Data excerpts
※

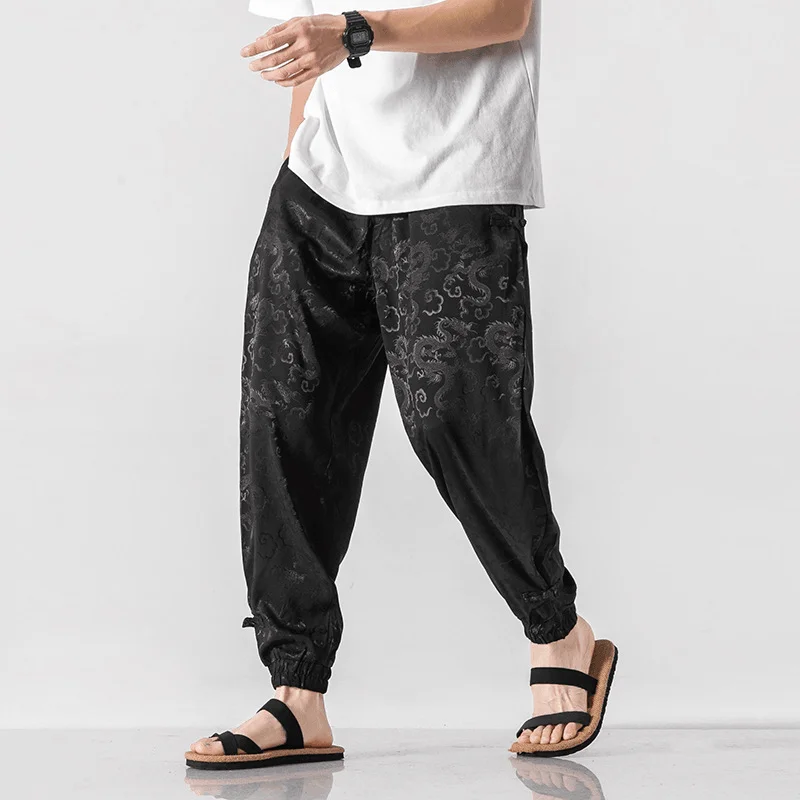 Chinese Style Men'S Casual Pants 2021 Summer New StyleTactical Pants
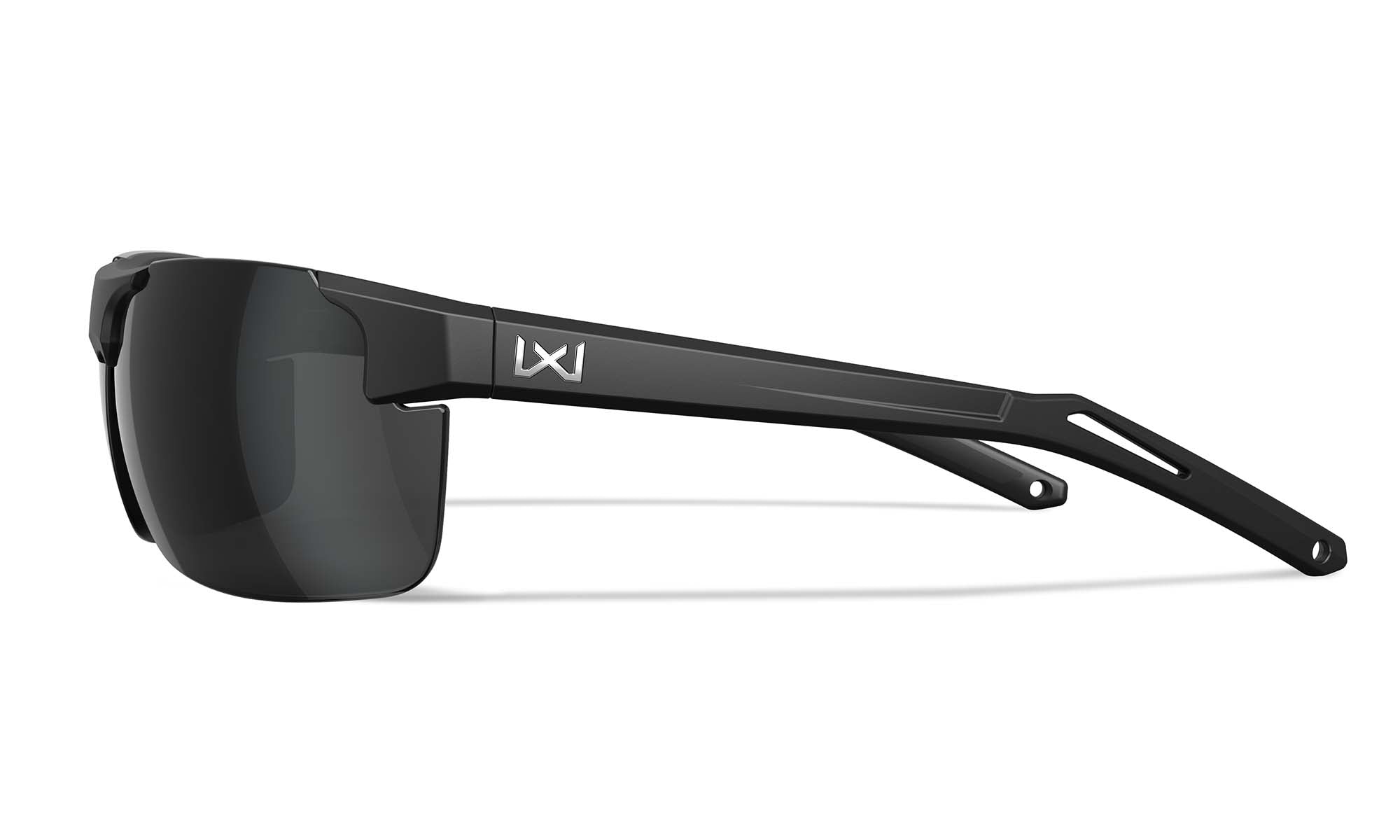 Wiley X WX PRIME — Captivate Grey, Matte Black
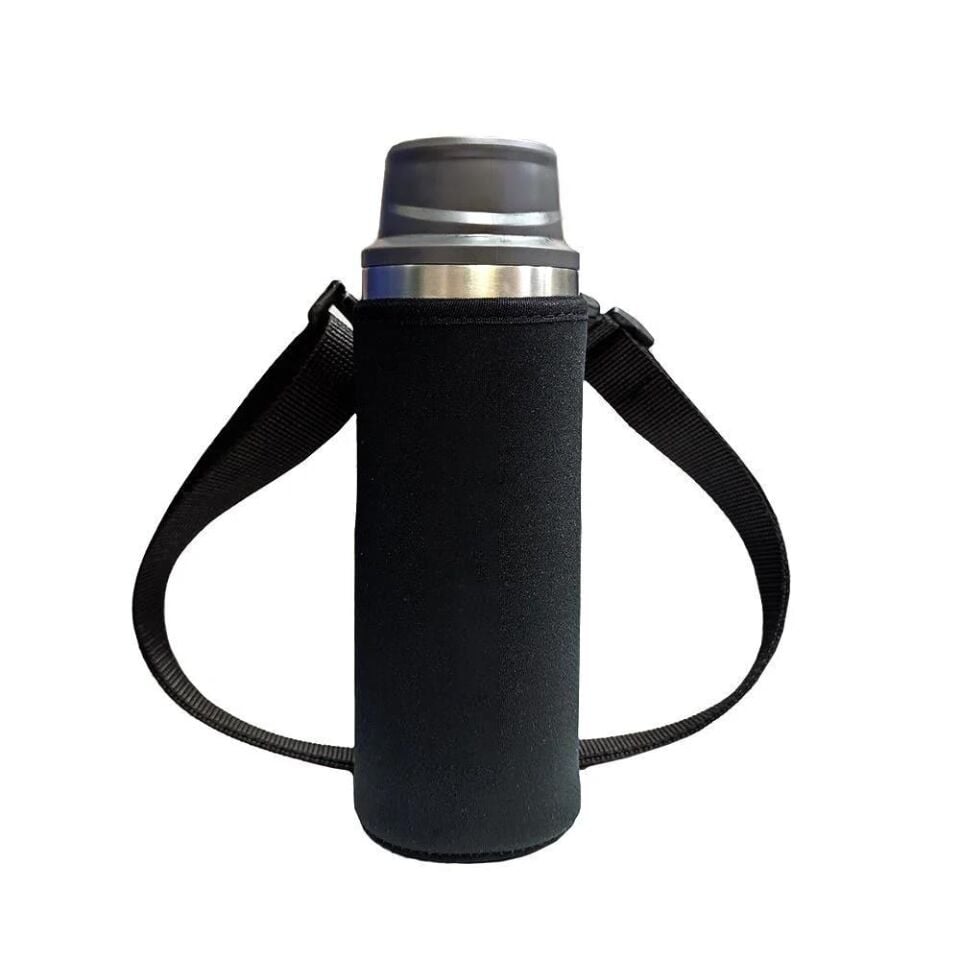 Safir Kamp Stanleye 0.59 Lt. Trigger Action Termos ile Uyumlu Omuz Askılı Kılıf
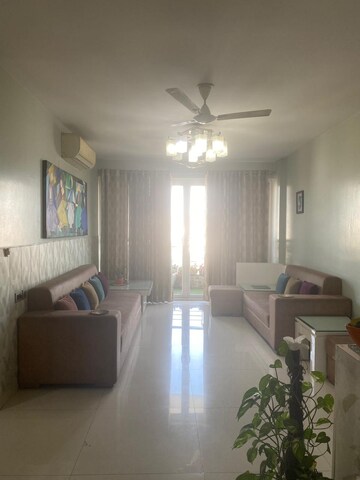 Living Room in 3 BHK Apartment at Shiv Shankar Society, Sector 51 – for Rent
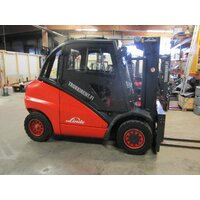 Дизельный погрузчик Linde H50D Container, год 2006 - 0E20E01A 2 Дизельный погрузчик Linde H50D Container, год 2006 - 0E20E01A 2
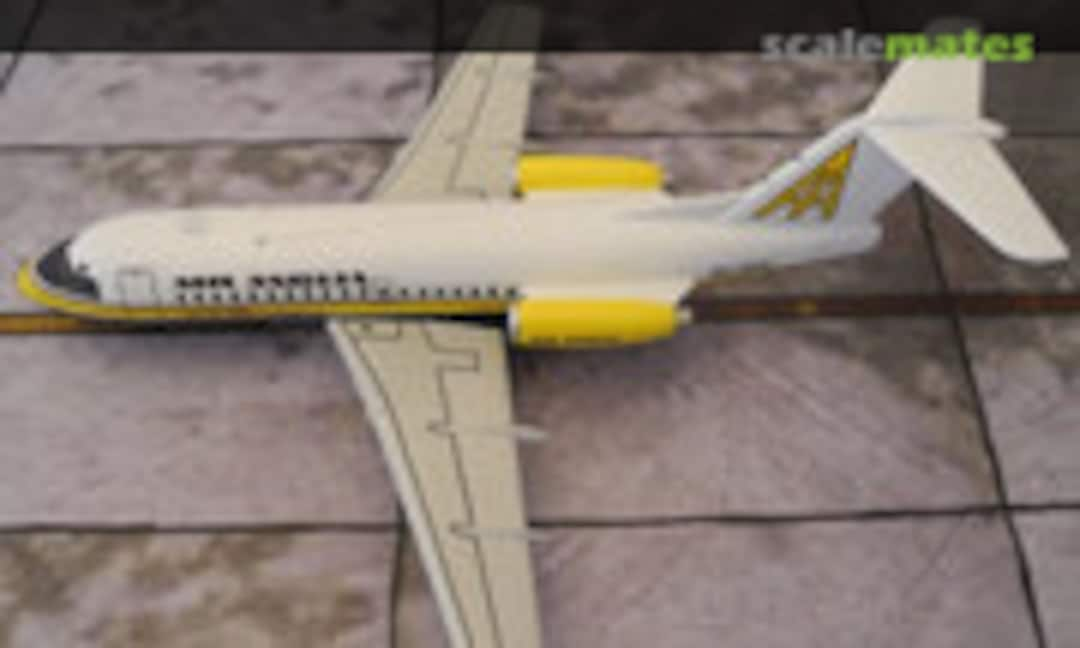 Fokker F-28-1000 Fellowship 1:144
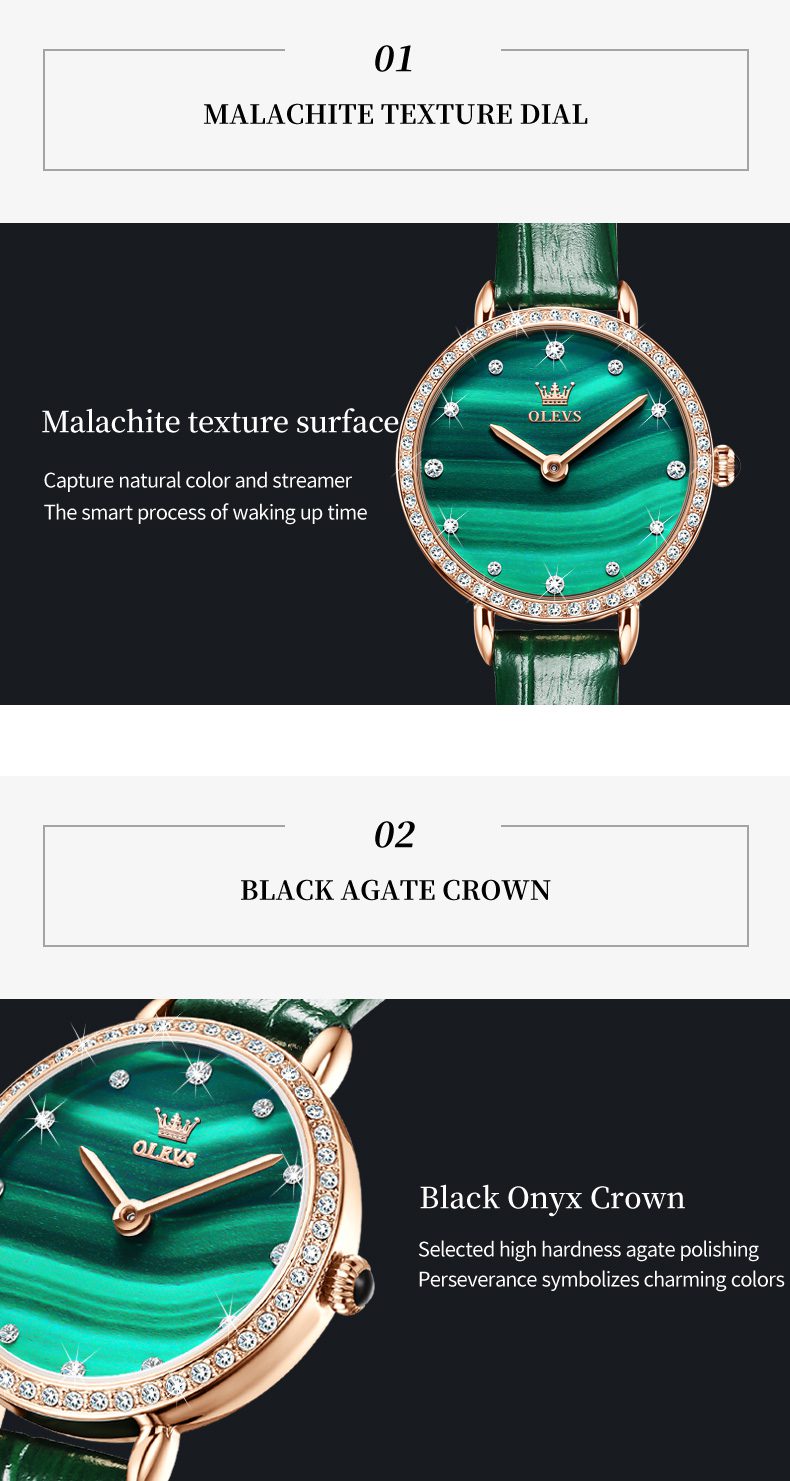Olevs Women's Watch 6628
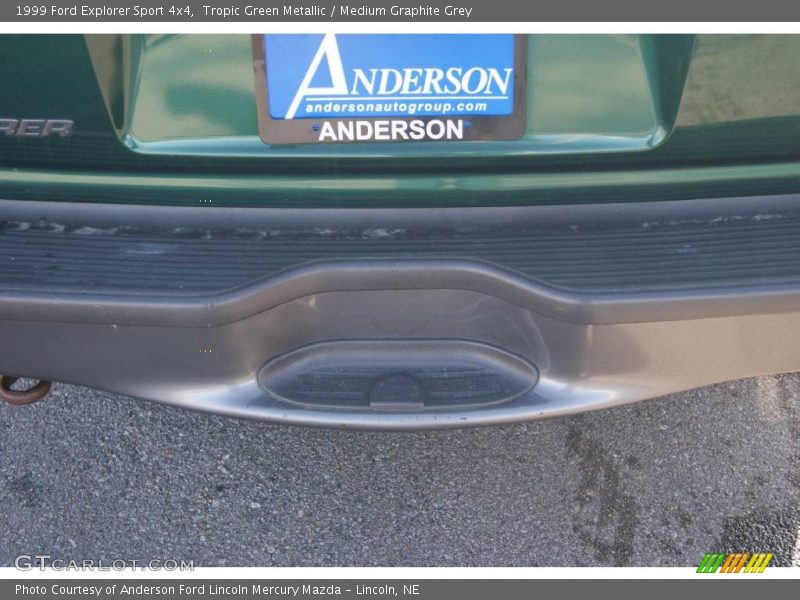 Tropic Green Metallic / Medium Graphite Grey 1999 Ford Explorer Sport 4x4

※

**WHAT THIS TASK INVOLVES**
Every line from the one containing "Fokker F-28-1000 Fellowship 1:144" through the last line of the records is to be reproduced exactly, with pictures left out and nothing else given.

**REPLY**
 Fokker F-28-1000 Fellowship 1:144
Olevs Women's Watch 6628
 Tropic Green Metallic / Medium Graphite Grey 1999 Ford Explorer Sport 4x4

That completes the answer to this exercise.